Mons. Romero passa tutta la notte vicino alla sua salma e ordina che sia celebrata una sola Messa di suffragio in tutta la diocesi.
«Il sangue di questo sacerdote -dirà più tardi- lo orienta verso i valori della giustizia sociale e della solidarietà verso i più poveri del paese».
Nella sua prima Lettera Pastorale dichiara di volersi schierare apertamente dalla parte dei più poveri.
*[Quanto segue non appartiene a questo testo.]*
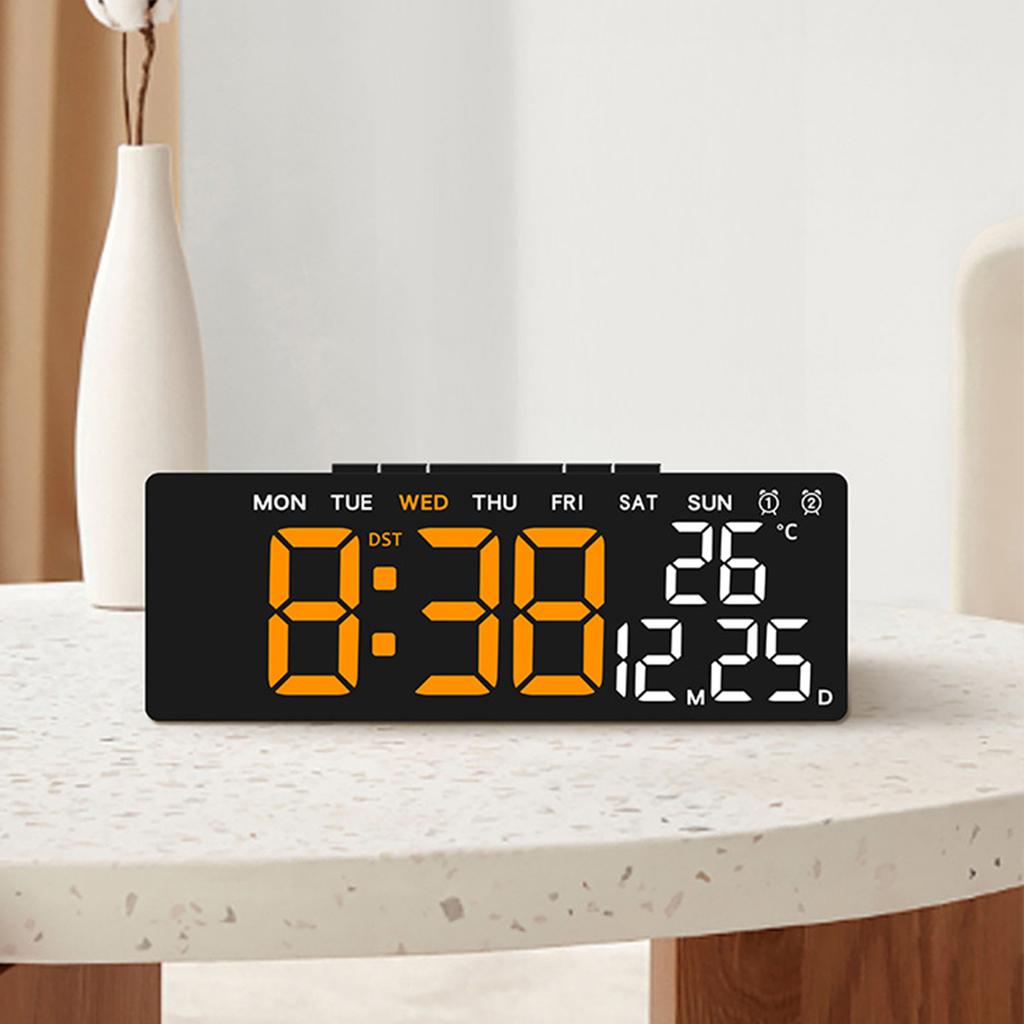 LED Display Digital Clock with Alarm Timer Date and Temperature Features for Modern Decoration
Ogni domenica il popolo attende con ansia i suoi messaggi pronunciati nel corso delle celebrazioni nella cattedrale e diffusi in tutto il paese attraverso la radio. Il suo messaggio è quello di una vera e propria redenzione del popolo costretto a subire atti di violenza e di ingiustiza. Mons. Romero diventa così pericoloso: la Chiesa inizia a subire altri attentati. La stessa sorte di p. Rutilio tocca ad altri quattro sacerdoti.
La voce di Romero è diventata la “Voz de los que no tienen voz”, la voce di coloro che non hanno voce, una voce libera che invoca la pace.
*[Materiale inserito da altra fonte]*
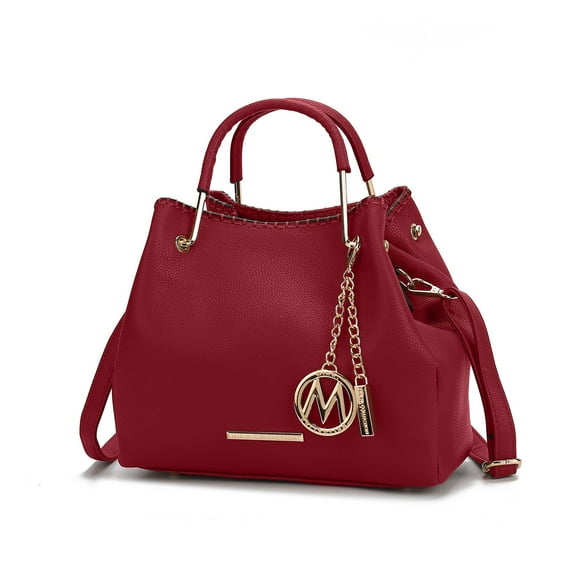 MKF Collection Women's Isidora Vegan Leather Shoulder Bag by Mia K- Red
«Nel nome di Dio e del popolo che soffre -dice il giorno prima di essere assassinato- vi supplico, vi prego, e in nome di Dio vi ordino, cessi la persecuzione contro il popolo». (…). »
(Tratto da: “Beato Oscar Arnulfo Romero Galdámez in: www.santiebeati.it › Sezione O).
Monsignor Oscar Romero: 34 anni fa: uno sparo nel silenzio.
«Sono trascorsi 35 anni da quel lunedì 24 marzo 1980 quando alle 18.26 a San Salvador il vescovo Romero è stato colpito al cuore proprio mentre offriva il pane e il vino dell’Eucarestia che stava celebrando con un gruppo di persone nella cappella dell’hospitalito, un ospedale che accoglieva una sessantina di ammalati di tumore e dove lui dormiva in una abitazione di una modestia e di una essenzialità disarmanti. Ha appena pronunciato queste parole: “Che questo corpo immolato e questo sangue sacrificato per gli uomini ci spinga a dare anche il nostro corpo e il nostro sangue alla sofferenza e al dolore come Cristo; non per noi stessi, ma per dare al nostro popolo idee di giustizia e di pace.”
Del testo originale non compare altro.